Estas vivencias marcaron mi línea de conducta. Mis alumnos encontraron en mí a la persona siempre dispuesta a escucharlos, a defenderlos contra viento y marea, que lo mismo los reprendía cuando era necesario que los consolaba y abrazaba cuando lo necesitaban. He sido un poco madre, un poco confidente, un poco abuela y siempre maestra. He llevado a la clase mis vivencias, mis viajes, mis poemas y todo lo que pudiera instruirles y educarles de forma amena.
Hace unos años que ya no estoy. Me fui con la satisfacción de haberles dado lo mejor de mi vida y haber recibido de ellos la alegría y el mirar las cosas con sus ojos nuevos. Ha sido un intercambio que me ha mantenido la ilusión por la vida y me ha dejado un grato recuerdo. Mi agradecimiento a las familias y a todos los compañeros, de los que he recibido siempre el apoyo y el cariño necesarios para seguir adelante. Por donde quiera que voy, encuentro alumnos, ya mayores, madres y alguna que otra vez oigo: «¡Maestra…!». ¡Mis niños, queridos niños! ¡Qué alegría en sus caritas al encontrarnos de nuevo! Para ellos seré siempre la maestra, porque maestra se es, aunque no estés en la escuela, y yo lo seguiré siendo hasta el día que me muera.

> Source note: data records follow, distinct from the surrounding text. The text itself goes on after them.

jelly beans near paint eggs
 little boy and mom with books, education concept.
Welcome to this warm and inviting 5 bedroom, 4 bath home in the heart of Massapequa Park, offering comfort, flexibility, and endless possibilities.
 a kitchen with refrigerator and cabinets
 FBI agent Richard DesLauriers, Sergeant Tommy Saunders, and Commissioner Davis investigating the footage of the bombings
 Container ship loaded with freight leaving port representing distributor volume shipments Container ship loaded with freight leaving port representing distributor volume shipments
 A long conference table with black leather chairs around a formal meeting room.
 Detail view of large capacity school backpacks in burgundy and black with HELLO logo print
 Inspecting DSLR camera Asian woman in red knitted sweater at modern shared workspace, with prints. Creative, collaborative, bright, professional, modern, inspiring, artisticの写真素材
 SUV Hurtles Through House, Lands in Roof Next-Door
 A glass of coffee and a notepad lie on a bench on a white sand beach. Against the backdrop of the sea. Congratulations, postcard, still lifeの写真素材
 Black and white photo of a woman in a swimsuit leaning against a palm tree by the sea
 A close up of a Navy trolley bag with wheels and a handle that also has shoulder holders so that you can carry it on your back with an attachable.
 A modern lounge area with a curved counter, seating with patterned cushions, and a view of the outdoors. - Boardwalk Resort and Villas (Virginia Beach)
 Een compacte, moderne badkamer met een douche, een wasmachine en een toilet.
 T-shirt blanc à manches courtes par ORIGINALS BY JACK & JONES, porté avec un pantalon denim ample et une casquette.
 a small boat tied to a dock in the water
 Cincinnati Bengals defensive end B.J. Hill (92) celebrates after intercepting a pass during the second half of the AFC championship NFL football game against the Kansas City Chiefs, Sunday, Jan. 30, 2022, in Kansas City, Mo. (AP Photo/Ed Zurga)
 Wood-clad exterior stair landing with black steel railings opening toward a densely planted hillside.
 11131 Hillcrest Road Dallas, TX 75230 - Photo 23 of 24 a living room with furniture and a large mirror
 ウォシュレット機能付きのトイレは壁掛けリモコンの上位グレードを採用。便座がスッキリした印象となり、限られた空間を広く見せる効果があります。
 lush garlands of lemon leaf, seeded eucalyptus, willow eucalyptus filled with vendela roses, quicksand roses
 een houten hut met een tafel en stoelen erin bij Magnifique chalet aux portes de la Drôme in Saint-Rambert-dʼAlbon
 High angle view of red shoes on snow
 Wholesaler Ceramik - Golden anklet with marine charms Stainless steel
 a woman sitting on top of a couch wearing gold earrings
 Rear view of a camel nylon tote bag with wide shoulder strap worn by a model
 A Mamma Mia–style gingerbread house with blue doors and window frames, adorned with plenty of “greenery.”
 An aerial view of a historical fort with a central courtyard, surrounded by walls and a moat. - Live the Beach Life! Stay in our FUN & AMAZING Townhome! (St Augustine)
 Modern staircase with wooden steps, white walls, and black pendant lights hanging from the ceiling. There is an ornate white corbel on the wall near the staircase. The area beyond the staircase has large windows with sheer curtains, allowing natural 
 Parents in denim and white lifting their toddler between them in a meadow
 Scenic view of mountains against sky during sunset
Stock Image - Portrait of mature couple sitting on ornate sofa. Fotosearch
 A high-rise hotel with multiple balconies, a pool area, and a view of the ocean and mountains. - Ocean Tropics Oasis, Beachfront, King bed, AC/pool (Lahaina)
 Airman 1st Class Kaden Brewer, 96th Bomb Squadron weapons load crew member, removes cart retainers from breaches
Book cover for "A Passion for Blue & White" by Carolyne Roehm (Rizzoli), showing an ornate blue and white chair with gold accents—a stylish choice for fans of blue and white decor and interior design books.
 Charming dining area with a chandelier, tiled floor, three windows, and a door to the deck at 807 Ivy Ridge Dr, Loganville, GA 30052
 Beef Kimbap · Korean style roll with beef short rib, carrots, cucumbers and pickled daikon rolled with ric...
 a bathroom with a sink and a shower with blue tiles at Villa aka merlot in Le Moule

Os quiero.
LA PUERTA DEL CONOCIMIENTO
Desde muy pequeña me han fascinado los libros. Desde los tres años, me asomaba al balcón y miraba con desconsuelo a las niñas que iban al colegio que había frente a casa hasta que un día cogí la maleta, bajé las escaleras, salí de casa y me fui detrás de ellas. La maestra me acogió y me aceptó en la clase sin tener en cuenta mi edad: no tenía nada que ver que yo fuera tan pequeña para sacar de mí todo el potencial que tenía escondido.
Recuerdo mi primer libro de lecturas después de la cartilla Rayas: se llamaba Leedme, niñas , de Federico Torres; aunque yo lo llamaba El patito . Fue el que me abrió la puerta, el que despertó mi gusto por la lectura; la lectura como distracción, como placer y como la mejor forma de ocupar mi tiempo. Como enseguida terminaba, la maestra me decía que fuese a la librería (no había biblioteca) y cogiese lo que más me gustase, y añadía: «Para que seas maestra». No hacía falta, porque yo ya lo tenía decidido. Y así, siempre con los libros, fui pasando mi infancia sin aburrirme jamás.